Asthma inhalers may soon be less relied upon.
New research from Northwestern Medicine shows promising benefits for the tens of thousands who experience life-threatening allergic reactions each year. By introducing specifically modified immune system cells, it gives the body a new signal, which turns off the anaphylactic reaction.
Using mice who were designed to have deadly allergic reactions to peanuts, the researchers attached peanut proteins to white blood cells which are normally a part of allergic reactions. Introducing these modified white blood cells prompts the body to create a tolerance, instead of a severe allergic reaction, to peanuts.
This "fooling of the immune system" treatment has also been applied to asthma and autoimmune disease research, such as Type 1 Diabetes and Multiple Sclerosis. All of these medical conditions have been shown to be reduced in severity by this immunological application (more info here).
So what does that mean for us who have experienced or who know they are susceptible to anaphylactic reactions because of severe allergies? Since this research has shown to provide such beneficial applications, it won't be long before human clinical trials are begun.
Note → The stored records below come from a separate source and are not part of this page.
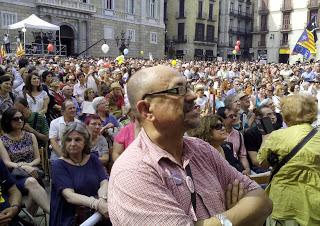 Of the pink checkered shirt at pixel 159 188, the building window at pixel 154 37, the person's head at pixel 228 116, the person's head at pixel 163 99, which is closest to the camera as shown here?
the pink checkered shirt at pixel 159 188

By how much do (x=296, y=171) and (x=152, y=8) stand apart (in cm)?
3966

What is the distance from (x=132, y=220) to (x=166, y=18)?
50.7 m

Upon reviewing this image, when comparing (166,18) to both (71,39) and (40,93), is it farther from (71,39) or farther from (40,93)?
(40,93)

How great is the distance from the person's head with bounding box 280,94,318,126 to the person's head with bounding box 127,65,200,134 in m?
1.64

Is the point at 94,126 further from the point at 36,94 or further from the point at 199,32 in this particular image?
the point at 199,32

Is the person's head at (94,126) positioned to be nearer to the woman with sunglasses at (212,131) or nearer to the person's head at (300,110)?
the woman with sunglasses at (212,131)

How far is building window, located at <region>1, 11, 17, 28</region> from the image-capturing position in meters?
28.0

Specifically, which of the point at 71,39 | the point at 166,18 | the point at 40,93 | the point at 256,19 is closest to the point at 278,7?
the point at 256,19

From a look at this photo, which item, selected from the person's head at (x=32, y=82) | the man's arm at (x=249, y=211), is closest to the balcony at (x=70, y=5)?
the person's head at (x=32, y=82)

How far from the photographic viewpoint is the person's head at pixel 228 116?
14.6ft

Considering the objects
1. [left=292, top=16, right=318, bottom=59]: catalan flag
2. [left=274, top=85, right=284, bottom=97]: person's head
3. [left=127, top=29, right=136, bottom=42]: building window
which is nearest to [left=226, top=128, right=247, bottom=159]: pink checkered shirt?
[left=274, top=85, right=284, bottom=97]: person's head

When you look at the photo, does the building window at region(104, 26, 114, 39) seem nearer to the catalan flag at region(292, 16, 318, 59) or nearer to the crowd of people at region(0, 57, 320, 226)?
the catalan flag at region(292, 16, 318, 59)

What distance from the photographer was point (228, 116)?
14.8 feet

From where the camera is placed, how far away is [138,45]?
39250 mm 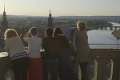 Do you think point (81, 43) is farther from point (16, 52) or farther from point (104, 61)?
point (16, 52)

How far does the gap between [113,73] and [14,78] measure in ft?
8.06

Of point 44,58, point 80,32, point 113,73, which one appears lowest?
point 113,73

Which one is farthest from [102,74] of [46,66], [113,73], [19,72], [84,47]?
[19,72]

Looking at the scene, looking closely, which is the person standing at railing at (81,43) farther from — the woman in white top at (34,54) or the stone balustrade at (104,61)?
the woman in white top at (34,54)

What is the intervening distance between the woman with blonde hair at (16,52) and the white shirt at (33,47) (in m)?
0.18

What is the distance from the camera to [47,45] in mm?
5020

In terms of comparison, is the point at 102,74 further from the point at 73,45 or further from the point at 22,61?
the point at 22,61

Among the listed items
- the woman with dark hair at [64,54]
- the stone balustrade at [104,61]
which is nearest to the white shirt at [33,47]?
the woman with dark hair at [64,54]

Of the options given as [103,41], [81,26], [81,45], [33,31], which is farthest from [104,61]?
[103,41]

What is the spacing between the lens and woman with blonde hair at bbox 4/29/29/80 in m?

One day in the near future, this may be a treatment option given to patients suffering from severe allergies (and perhaps moderate or mild allergies). The treatment feel something like a vaccine or allergy shots (which in its current form contains hundreds of shots to provide its benefit). The white blood cells will be taken from a blood sample, allergic proteins will be attached, then reintroduced to the patient. Who knows? A few sticks then perhaps the occasional booster shot may provide permanent relief from severe allergies!